New research finds that an intensive exercise and healthy eating regime can reduce the knee pain caused by osteoarthritis in overweight adults with type 2 diabetes.
Osteoarthritis is a common complication for overweight people with type 2 diabetes. The added weight places extra strain on the joints. Osteoarthritis can also develop as a result of natural wear-and-tear, so it tends to affect older people more often. Being overweight and over the age of 50 are also conditions that increase the likelihood of type 2 diabetes.

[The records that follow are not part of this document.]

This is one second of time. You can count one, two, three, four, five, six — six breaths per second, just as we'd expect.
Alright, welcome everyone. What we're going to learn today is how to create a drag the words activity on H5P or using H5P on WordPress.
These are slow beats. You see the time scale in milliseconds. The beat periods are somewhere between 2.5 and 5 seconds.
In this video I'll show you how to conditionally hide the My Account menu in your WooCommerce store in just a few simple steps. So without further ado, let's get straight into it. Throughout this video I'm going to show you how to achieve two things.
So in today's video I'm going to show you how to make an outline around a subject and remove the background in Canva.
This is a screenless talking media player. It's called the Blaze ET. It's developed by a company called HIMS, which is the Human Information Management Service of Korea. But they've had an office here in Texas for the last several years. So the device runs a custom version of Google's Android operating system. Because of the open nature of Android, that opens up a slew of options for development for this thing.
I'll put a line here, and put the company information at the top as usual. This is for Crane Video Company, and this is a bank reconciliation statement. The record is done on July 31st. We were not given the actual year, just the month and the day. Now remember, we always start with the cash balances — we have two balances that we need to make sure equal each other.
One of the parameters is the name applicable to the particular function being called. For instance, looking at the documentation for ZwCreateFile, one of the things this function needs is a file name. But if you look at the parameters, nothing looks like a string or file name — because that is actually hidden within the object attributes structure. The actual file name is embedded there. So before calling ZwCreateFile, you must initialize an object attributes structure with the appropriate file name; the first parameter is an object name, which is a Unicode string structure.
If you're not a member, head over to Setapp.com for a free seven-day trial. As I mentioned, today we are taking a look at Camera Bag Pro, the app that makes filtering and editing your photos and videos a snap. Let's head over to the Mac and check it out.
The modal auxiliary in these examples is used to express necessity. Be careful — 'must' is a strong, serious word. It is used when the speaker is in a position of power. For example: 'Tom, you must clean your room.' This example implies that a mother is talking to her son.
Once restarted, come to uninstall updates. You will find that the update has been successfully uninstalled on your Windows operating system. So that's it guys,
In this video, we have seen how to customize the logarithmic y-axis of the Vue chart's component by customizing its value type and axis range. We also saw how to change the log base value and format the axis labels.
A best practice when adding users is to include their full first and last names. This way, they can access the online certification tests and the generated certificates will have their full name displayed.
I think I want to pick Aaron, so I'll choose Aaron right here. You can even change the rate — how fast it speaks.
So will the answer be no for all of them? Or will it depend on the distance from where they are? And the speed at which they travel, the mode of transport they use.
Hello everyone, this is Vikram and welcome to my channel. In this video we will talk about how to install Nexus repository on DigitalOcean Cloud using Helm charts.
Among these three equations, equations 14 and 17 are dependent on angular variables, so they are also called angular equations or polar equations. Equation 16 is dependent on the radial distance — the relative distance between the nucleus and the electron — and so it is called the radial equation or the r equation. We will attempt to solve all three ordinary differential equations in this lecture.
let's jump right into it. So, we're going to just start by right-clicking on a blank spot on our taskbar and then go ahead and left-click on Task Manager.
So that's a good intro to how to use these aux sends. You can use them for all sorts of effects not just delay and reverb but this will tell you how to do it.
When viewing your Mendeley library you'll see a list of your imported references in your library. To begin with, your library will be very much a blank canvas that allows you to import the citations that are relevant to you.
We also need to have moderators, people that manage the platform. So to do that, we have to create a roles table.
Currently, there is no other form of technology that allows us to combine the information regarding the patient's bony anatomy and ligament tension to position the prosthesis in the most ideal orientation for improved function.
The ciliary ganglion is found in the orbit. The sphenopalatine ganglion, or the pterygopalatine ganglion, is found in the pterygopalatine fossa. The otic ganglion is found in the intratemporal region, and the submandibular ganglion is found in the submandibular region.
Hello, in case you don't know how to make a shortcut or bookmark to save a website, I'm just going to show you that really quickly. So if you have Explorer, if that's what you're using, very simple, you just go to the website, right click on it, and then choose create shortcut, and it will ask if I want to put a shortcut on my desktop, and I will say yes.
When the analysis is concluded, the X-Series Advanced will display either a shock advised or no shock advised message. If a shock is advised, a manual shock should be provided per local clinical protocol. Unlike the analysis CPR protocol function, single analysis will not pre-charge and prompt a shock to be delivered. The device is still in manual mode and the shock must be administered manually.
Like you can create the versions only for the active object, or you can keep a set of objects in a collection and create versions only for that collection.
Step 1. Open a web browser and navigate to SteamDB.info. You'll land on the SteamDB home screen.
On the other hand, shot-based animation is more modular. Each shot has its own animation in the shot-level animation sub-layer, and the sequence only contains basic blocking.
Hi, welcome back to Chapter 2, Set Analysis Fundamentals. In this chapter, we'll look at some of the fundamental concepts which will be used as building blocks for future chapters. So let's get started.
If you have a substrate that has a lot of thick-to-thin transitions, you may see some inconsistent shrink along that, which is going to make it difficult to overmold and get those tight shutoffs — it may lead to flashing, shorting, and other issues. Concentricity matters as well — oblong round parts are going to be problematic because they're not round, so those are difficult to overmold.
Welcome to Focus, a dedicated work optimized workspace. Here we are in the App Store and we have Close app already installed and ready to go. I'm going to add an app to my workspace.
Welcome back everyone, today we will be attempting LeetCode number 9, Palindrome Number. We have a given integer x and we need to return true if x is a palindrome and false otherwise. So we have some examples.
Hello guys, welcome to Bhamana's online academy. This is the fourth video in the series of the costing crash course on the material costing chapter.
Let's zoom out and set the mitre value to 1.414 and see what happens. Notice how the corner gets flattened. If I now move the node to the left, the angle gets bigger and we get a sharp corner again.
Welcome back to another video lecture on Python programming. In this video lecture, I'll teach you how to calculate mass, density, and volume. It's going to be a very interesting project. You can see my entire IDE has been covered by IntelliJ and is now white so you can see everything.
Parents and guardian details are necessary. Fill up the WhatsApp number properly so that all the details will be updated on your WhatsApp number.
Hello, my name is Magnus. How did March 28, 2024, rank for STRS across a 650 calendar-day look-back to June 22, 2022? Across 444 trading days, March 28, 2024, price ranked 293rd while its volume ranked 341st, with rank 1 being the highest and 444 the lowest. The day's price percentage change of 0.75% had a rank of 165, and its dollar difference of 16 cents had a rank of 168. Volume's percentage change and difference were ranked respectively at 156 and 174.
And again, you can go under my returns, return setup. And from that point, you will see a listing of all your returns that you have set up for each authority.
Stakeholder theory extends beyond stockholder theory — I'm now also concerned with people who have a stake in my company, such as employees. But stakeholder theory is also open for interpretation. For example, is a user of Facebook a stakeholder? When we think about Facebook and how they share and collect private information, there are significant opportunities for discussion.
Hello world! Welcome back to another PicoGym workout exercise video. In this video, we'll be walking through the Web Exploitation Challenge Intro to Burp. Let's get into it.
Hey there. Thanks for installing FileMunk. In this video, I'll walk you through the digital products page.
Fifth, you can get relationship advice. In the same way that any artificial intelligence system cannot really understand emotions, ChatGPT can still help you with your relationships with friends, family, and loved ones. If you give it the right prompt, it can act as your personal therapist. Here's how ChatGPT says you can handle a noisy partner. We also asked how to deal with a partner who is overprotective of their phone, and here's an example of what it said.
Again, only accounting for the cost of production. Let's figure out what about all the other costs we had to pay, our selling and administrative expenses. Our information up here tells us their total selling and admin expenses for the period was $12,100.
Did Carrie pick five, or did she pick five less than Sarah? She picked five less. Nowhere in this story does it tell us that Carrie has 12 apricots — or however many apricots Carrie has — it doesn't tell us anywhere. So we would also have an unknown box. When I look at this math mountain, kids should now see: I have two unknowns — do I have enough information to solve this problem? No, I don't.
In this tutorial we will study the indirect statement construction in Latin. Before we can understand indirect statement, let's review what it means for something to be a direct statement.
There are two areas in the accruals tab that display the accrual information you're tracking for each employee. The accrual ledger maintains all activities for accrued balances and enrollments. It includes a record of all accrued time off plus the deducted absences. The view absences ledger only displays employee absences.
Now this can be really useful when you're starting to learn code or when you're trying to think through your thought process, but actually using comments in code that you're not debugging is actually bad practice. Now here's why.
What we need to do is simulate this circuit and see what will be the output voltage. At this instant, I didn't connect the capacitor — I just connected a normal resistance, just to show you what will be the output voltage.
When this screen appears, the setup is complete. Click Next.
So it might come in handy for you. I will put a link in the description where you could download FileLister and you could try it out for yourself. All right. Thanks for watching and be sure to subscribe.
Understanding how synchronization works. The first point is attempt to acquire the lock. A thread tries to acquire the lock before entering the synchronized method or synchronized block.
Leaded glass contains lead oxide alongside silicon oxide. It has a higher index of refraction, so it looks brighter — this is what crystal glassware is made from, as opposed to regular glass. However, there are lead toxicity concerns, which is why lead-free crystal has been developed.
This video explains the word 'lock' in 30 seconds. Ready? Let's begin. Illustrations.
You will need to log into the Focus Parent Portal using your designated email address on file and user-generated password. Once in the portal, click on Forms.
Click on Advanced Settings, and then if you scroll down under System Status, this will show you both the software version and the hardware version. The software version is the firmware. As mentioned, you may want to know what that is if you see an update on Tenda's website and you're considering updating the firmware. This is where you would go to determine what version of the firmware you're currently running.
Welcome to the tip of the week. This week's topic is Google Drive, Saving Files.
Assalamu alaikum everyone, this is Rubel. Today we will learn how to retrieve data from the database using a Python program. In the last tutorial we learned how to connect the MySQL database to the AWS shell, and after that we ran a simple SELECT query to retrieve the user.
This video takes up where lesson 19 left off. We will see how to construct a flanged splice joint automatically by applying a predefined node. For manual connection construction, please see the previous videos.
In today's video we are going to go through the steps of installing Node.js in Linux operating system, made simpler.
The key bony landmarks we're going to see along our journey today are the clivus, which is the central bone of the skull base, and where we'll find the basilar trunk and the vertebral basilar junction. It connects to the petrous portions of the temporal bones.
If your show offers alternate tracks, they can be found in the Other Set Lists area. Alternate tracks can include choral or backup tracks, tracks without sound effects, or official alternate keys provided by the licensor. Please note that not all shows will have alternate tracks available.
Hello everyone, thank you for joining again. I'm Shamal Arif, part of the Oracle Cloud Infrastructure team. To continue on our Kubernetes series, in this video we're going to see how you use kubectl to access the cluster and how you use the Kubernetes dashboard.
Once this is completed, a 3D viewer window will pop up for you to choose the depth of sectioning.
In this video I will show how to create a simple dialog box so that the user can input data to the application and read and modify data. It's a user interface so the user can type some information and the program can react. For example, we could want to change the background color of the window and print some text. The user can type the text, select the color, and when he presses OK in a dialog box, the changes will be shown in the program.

The researchers hypothesised that the right diet and the right exercise regime could prevent knee pain caused by osteoarthritis
“Prior to this study, we did not have empirical data to support the claim that diet and exercise actually worked to prevent knee pain,” said study leader Daniel White, Assistant Professor of Physical Therapy at the University of Delaware.
“Now we do have a study.”
How was the study conducted?
The researchers compared two groups: the first received intensive lifestyle intervention (ILI); the second received standard diabetes mellitus support and education (DSE). After one-year and four-year periods, the participants were questioned about any knee pain they experienced.
“The analysis involved a subcohort of 2,889 subjects who reported no knee pain at baseline, but were at high risk due to obesity.”
The intensive lifestyle intervention mainly involved restricting calories. Moreover, at least 10 per cent of the participants’ calories had to come from protein. Exercise intervention was based on gradual progression of home-based exercise, culminating in 175 minutes of vigorous exercise a week. In most cases, the particularly activities included brisk walking.
White explained that the research only focused on people with type 2 diabetes who were overweight, because the excess weight increased the strain on their joints. People with type 2 diabetes triggered by other causes, such as polycystic ovary syndrome and genetics, do not have a heightened risk of osteoarthritis.
“We did not study people in the general population, but only adults who were diabetic and overweight,” said White.
The results
White found the results reassuring. People who received the intense lifestyle intervention were 15 per cent less likely to report knee pain than those who received the standard diabetes mellitus support and education.
“Among these we studied who were randomised to the diet and exercise interventio, it was found that they were 15 per cent less likely to develop knee pain compared with their counterparts randomised to the control condition.
“These findings are very important. They demonstrate that the recommendations to exercise and diet to make a difference for preventing the development of knee pain among those who are at high risk.”
Knee pain is responsible for more disability among people of middle or older age than any other condition. These findings could lead to more effective methods of knee pain prevention.
“I study physical activity among people with knee arthritis,” White said. “I felt it was important to investigate whether exercise combined with diet did in fact protect against the development of knee pain.”
The findings were published in Arthritis Care and Research.